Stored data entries
******
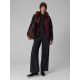 5. Women's synthetic-filled vest 4F 4FRAW26TVJAF422-60S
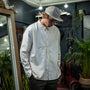 Atelier Sashiko Shirt | Natural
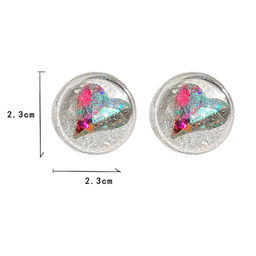 Серьги-пуссеты на гвоздиках арт. 13 2806 (id 266248) - Rada фото 3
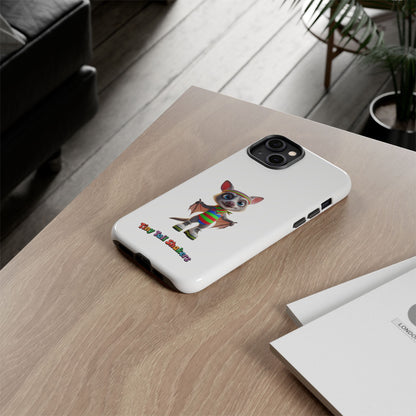 Flying Fox Bat Tiny Tail Shaker | Phone Case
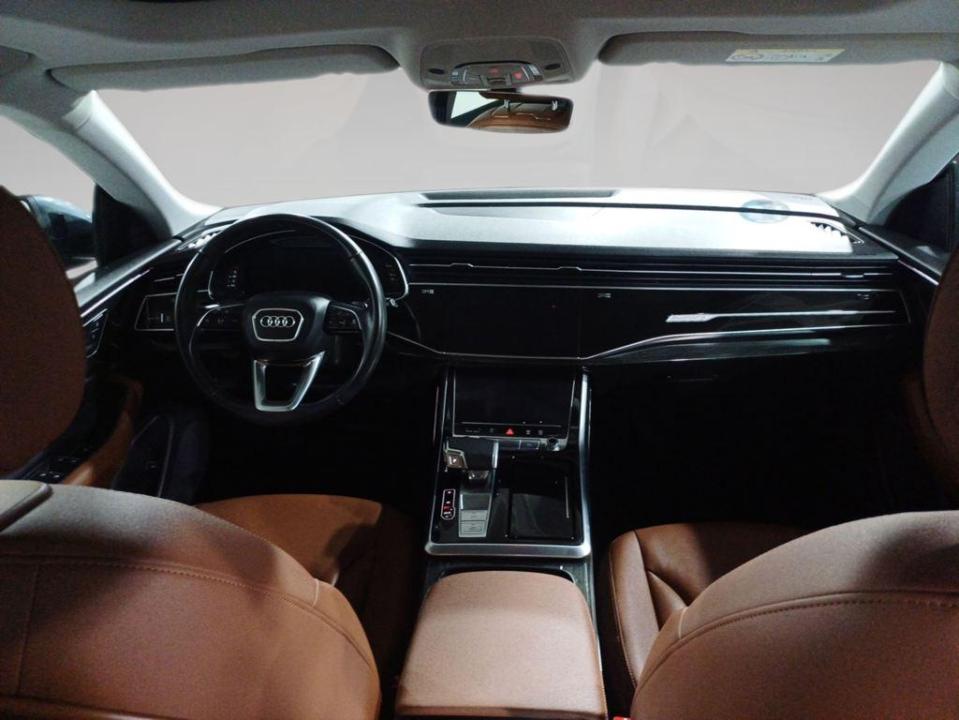 Audi Q8 45 TDI quattro 170 kW (231 CV) tiptronic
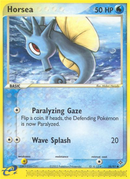 Horsea (58/97) [EX: Dragon] - Comfy Hobbies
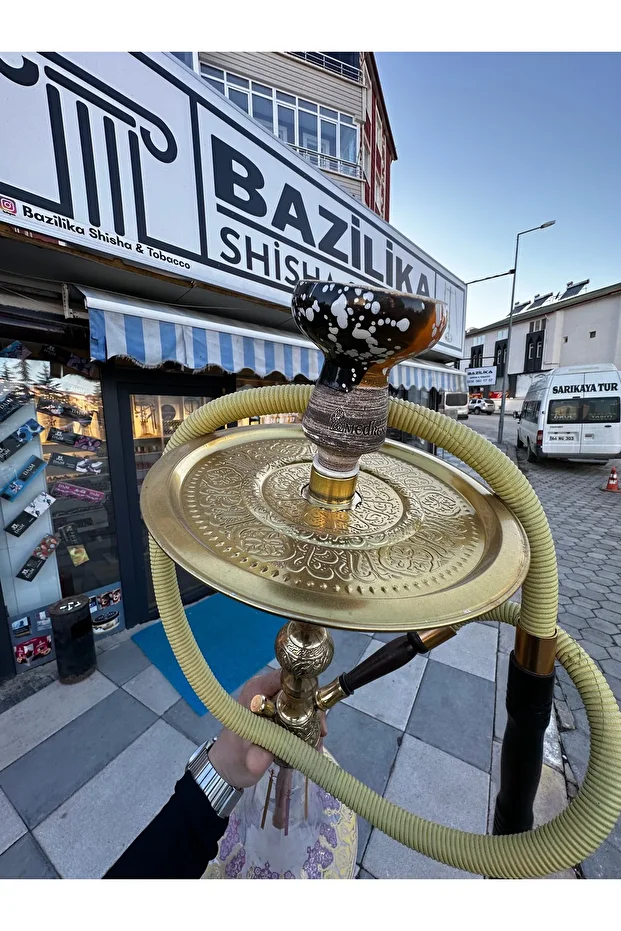 PİRİNÇ BAKIR SET - 1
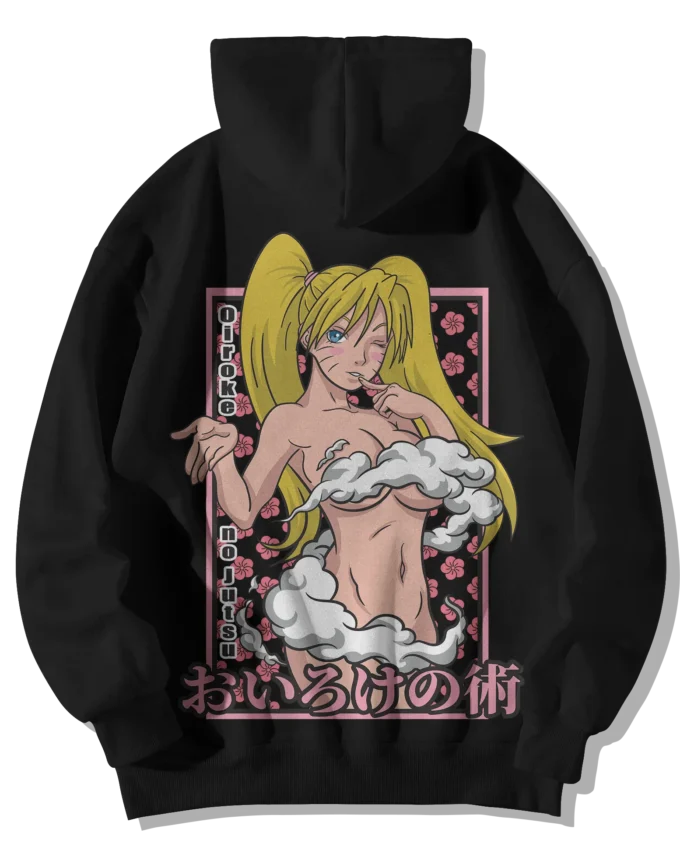 NARUTO HOODIE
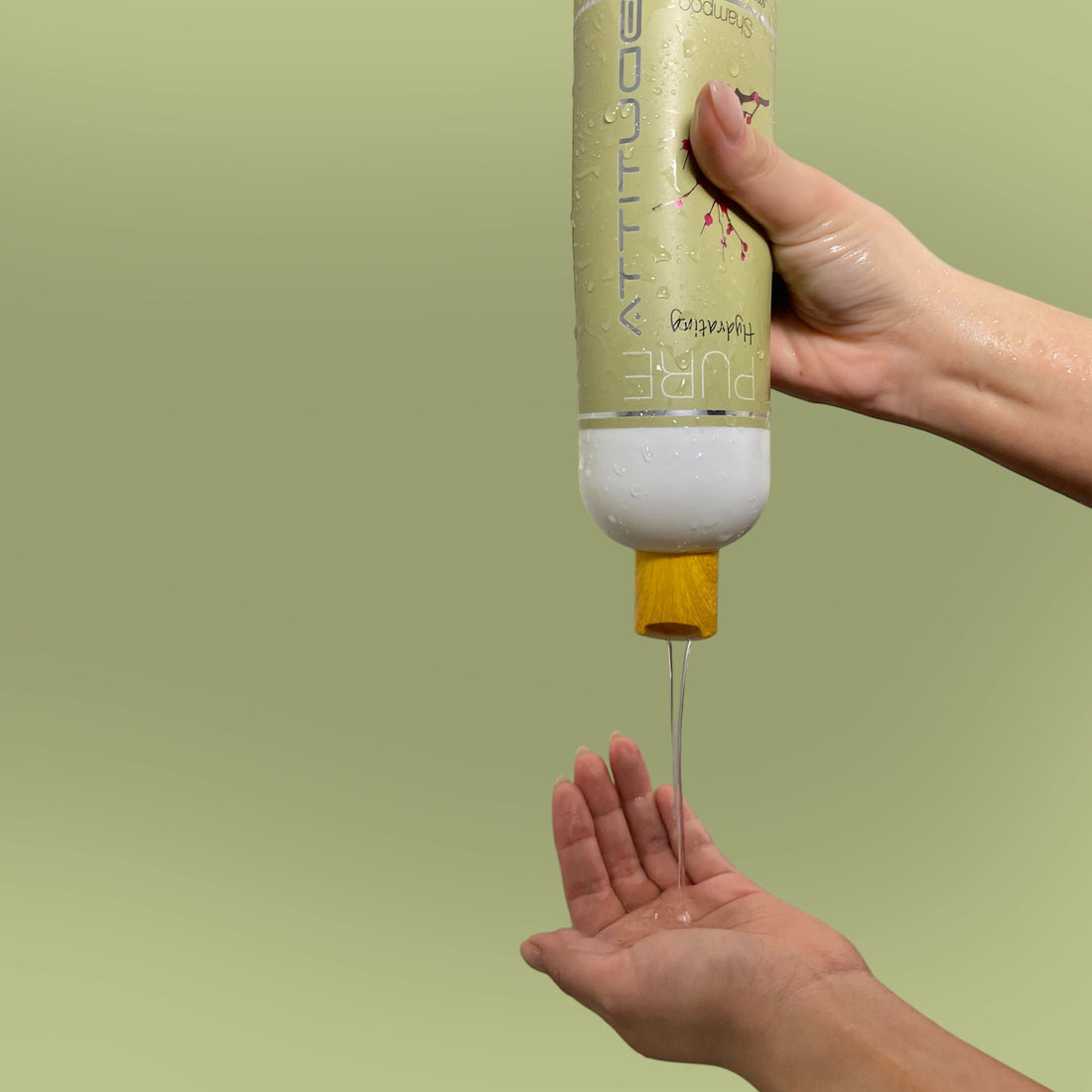 Deep Hydrating Kit, 500 ml. - PURE ATTITUDE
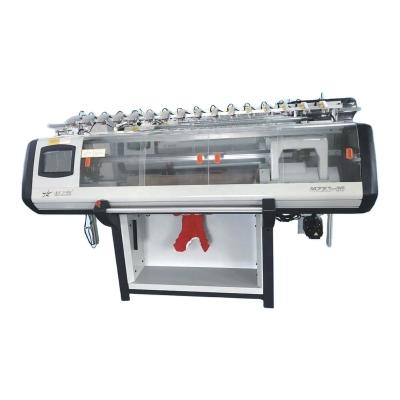 China High efficiency shoe upper flat knitting machine for sale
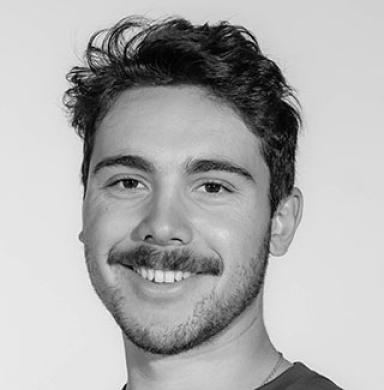 Student Jonah Steinberg
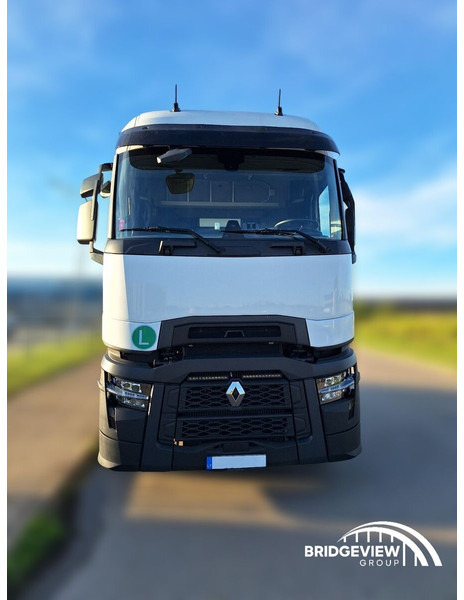 Renault T480 - Ťahač: obrázok 3 Renault T480 - Ťahač: obrázok 3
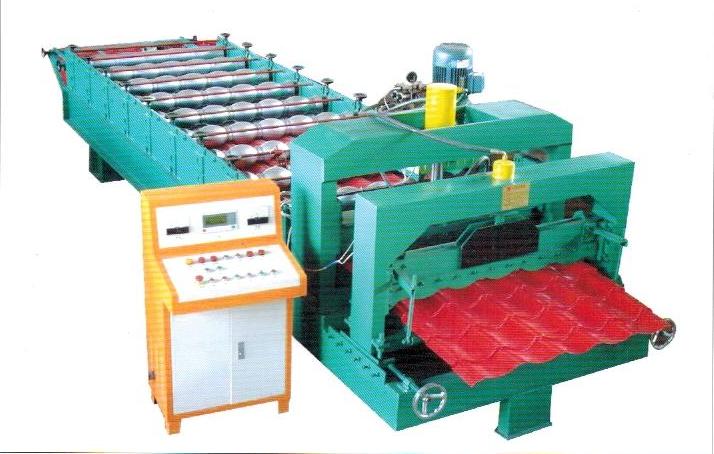 Equipment for the production of corrugated board 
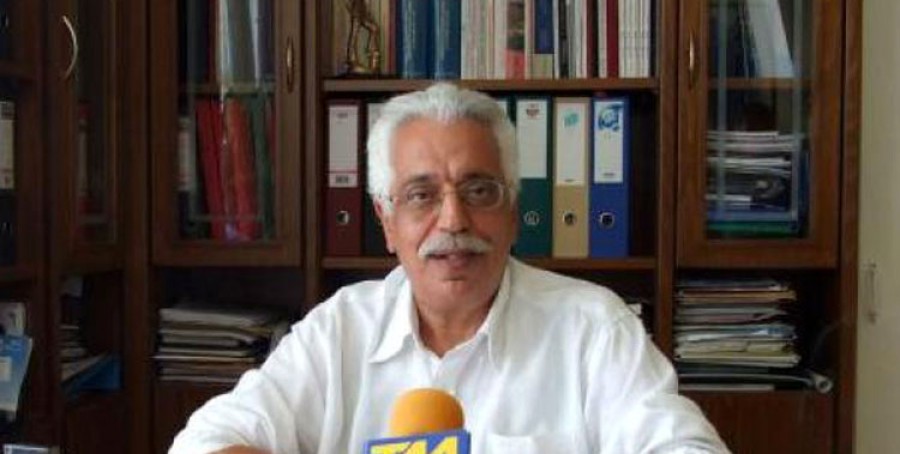 Ν. Γιακαλής: Η κατάσταση δεν μπορεί να συνεχιστεί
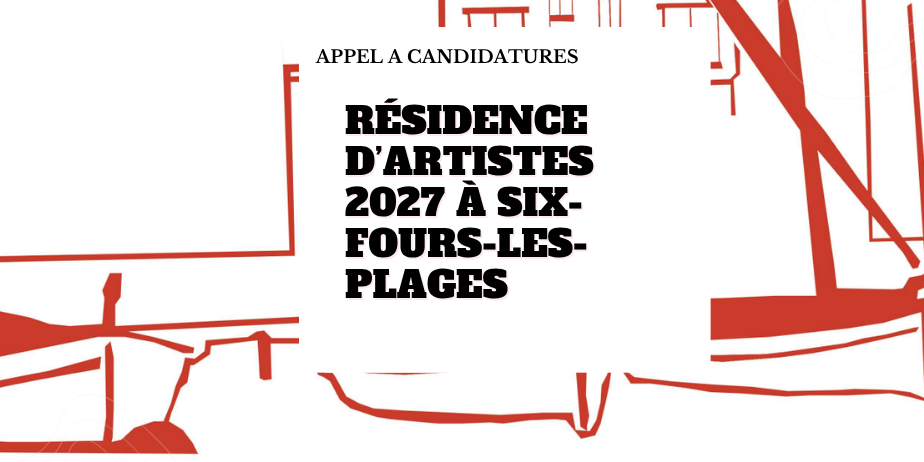 Résidence d’artistes 2027 de 30 jours – Maison du Patrimoine François Flohic, Six-Fours-les-Plages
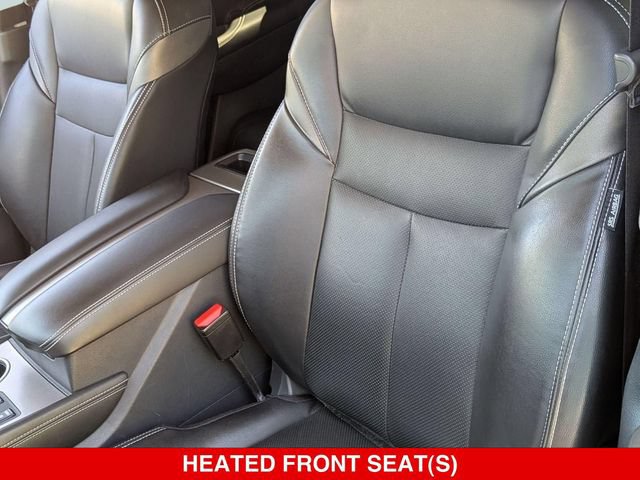 Certified 2023 Nissan Murano SL w/ SL Moonroof Package AWD/4WD image 16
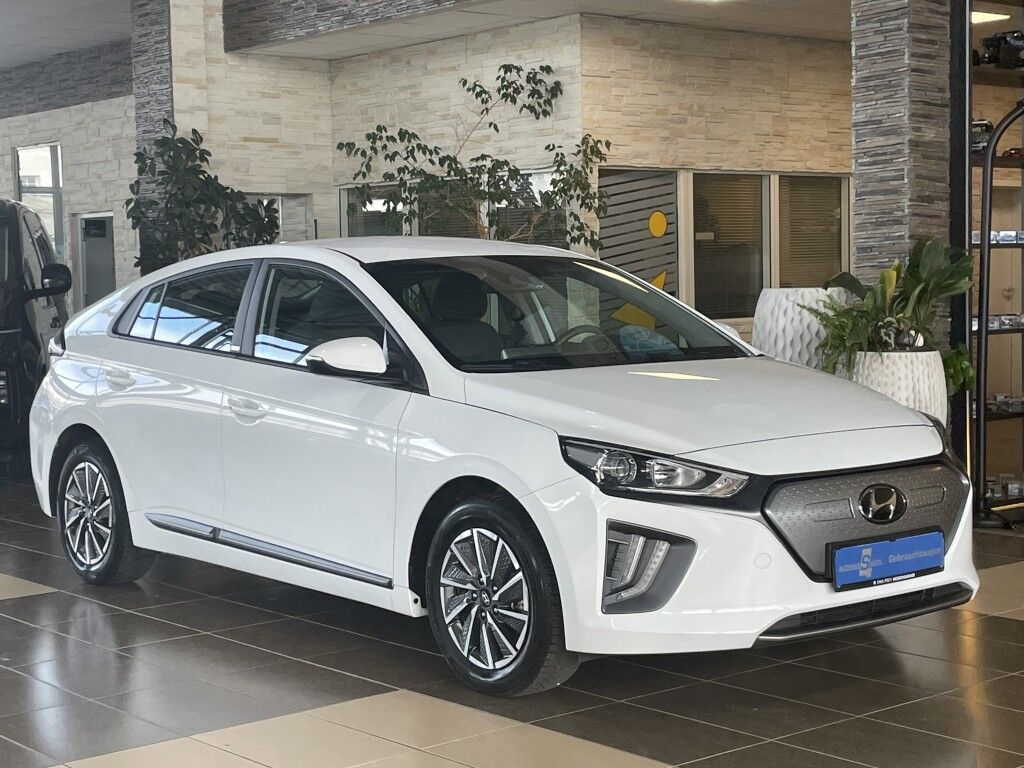Hyundai Ioniq R.Cam DAB+ Tempomat CarPlay/AndroidAuto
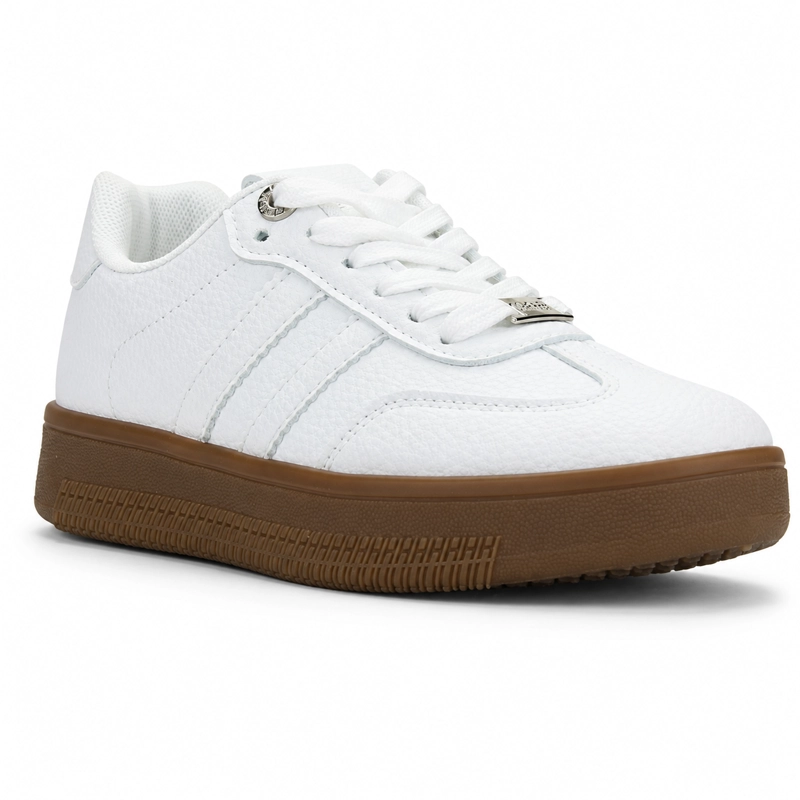 ZAPATILLA BLANCO MUJER URBANO CHALADA ANTU - 3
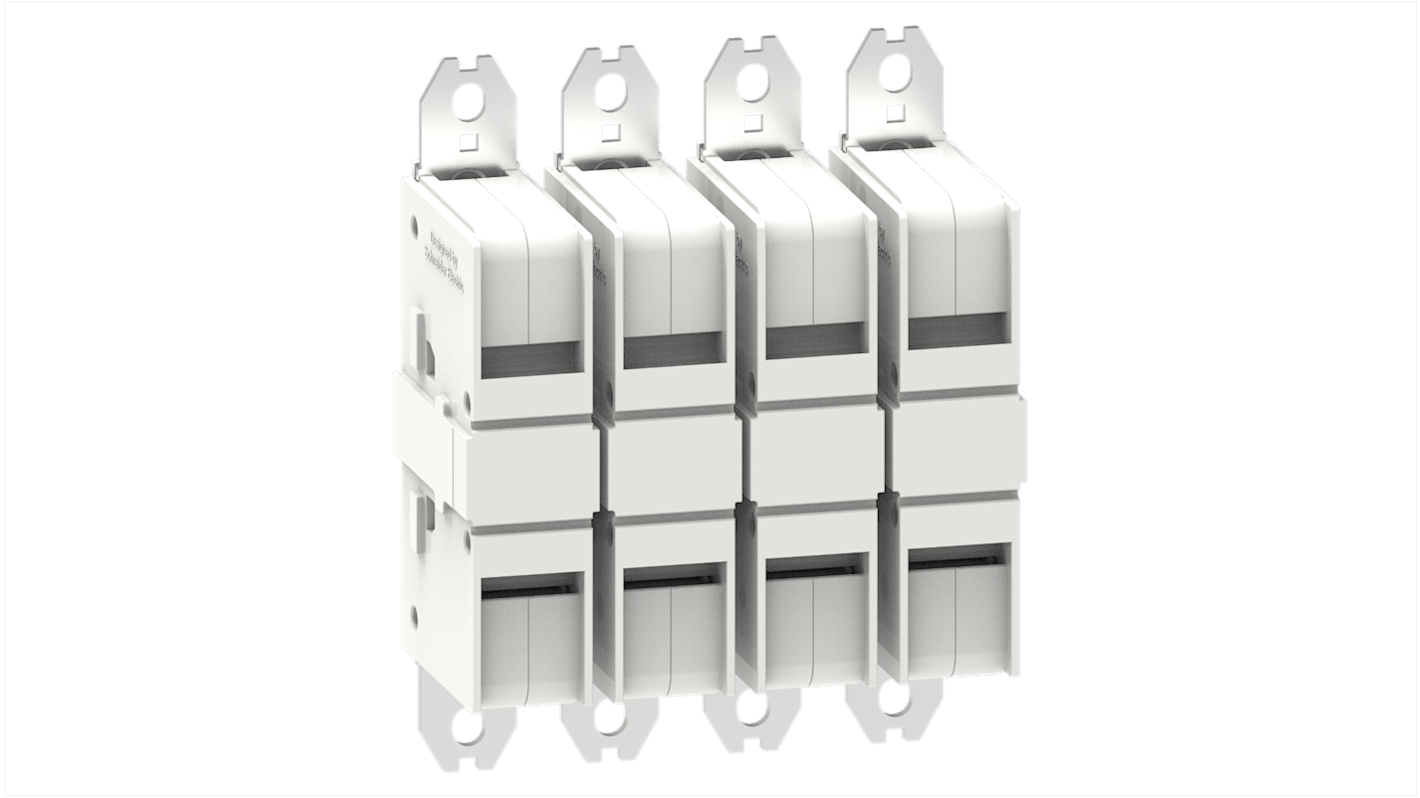 Interruttore ausiliario Schneider Electric LA9G4RA per contattore TeSys Giga, modulare e sostituibile, operante da -25 a 60 °C.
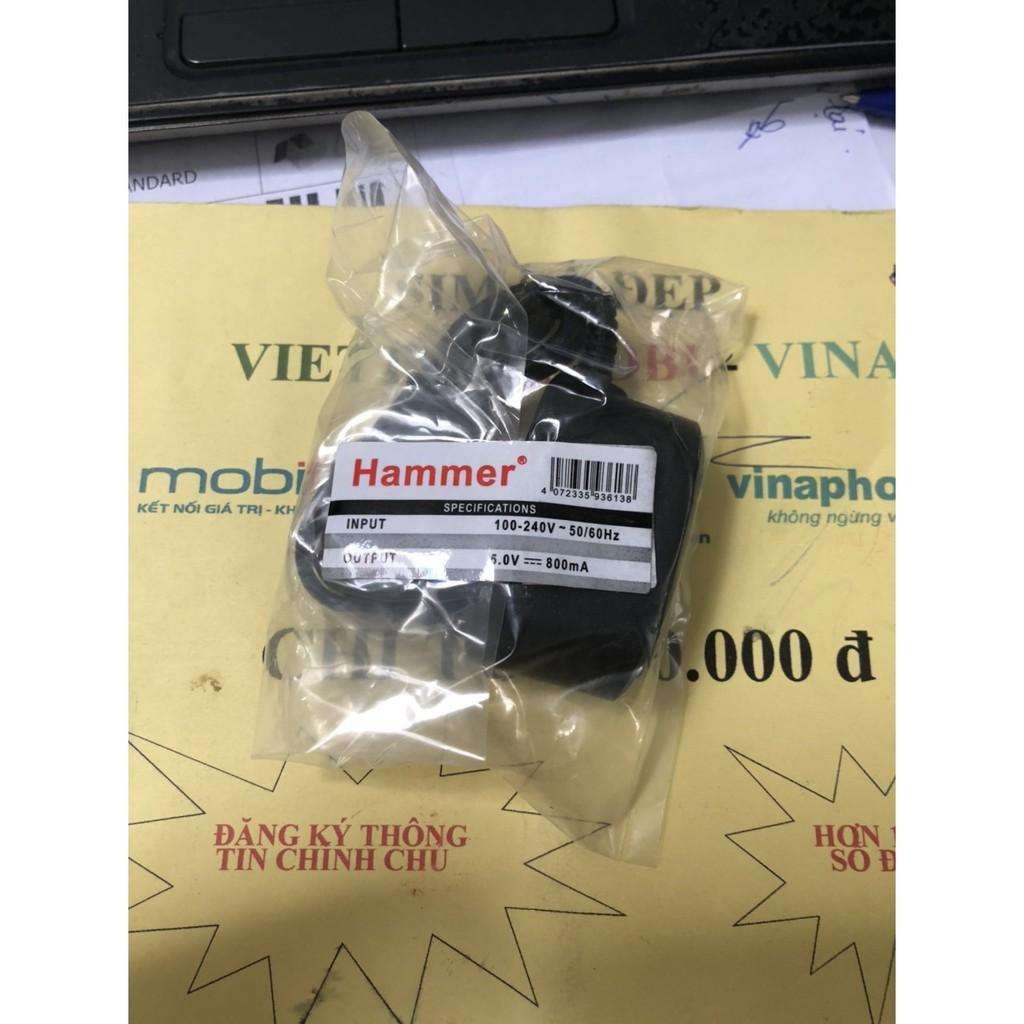 Sạc Hammer E210 - J7 - J700 - Hàng chính hãng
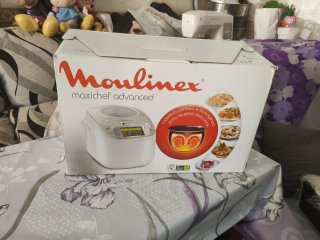 Robot de Cocina Moulinex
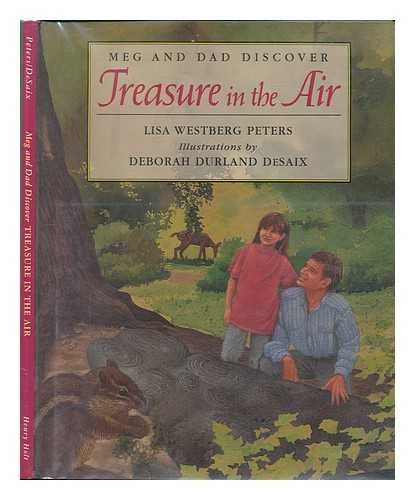 Beispielbild fr Meg and Dad Discover Treasure in the Air zum Verkauf von Better World Books: West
******
- **INSTRUCTIONS TO FOLLOW**: With the pictures omitted, print the lines above exactly, beginning at the line with "Audi Q8 45 TDI" and going on through the line with "Renault T480 - Ťahač: obrázok 3 Renault".

- **EXERCISE RESPONSE**:
 Audi Q8 45 TDI quattro 170 kW (231 CV) tiptronic
 Horsea (58/97) [EX: Dragon] - Comfy Hobbies
 PİRİNÇ BAKIR SET - 1
 NARUTO HOODIE
 Deep Hydrating Kit, 500 ml. - PURE ATTITUDE
 China High efficiency shoe upper flat knitting machine for sale
 Student Jonah Steinberg
 Renault T480 - Ťahač: obrázok 3 Renault T480 - Ťahač: obrázok 3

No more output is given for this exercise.